> [Assignment]: Your answer must be the exact lines below, starting with the line with "exceptionnelle d'un éléphant" and going on through the line with "风车动漫dm带你探索不一样的动漫世界", both included, with no pictures.

:: Dataset records ::

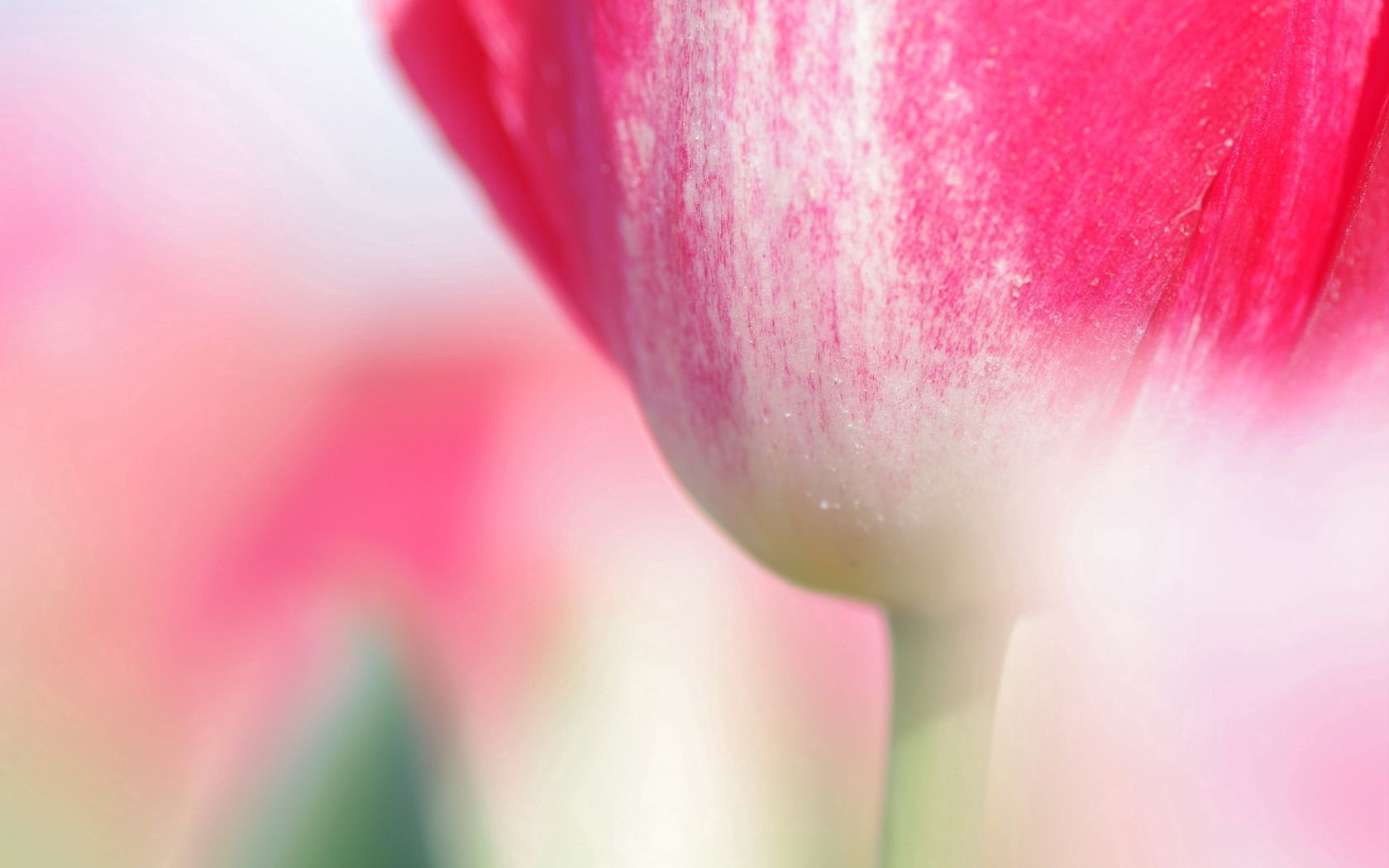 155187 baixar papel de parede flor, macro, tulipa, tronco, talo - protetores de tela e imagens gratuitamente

:::
:: Dataset records ::

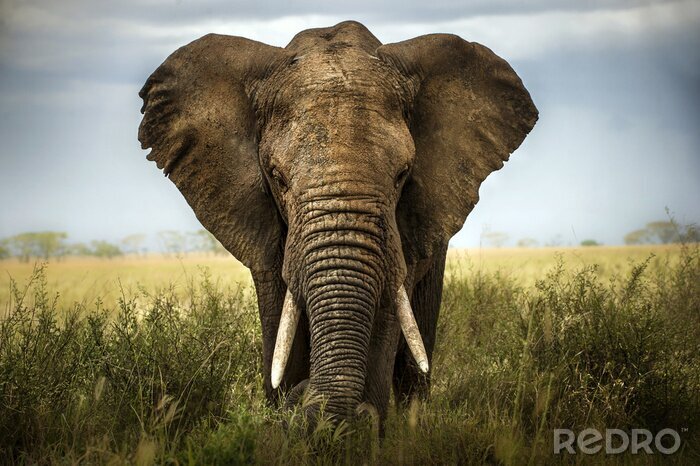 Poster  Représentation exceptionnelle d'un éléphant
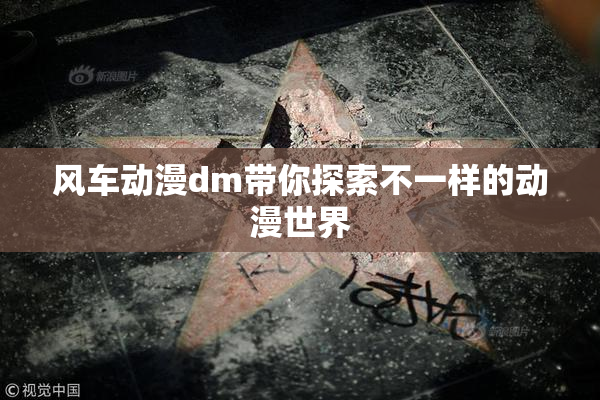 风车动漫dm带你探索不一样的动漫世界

:::

> [Your response]:
 Poster  Représentation exceptionnelle d'un éléphant
 风车动漫dm带你探索不一样的动漫世界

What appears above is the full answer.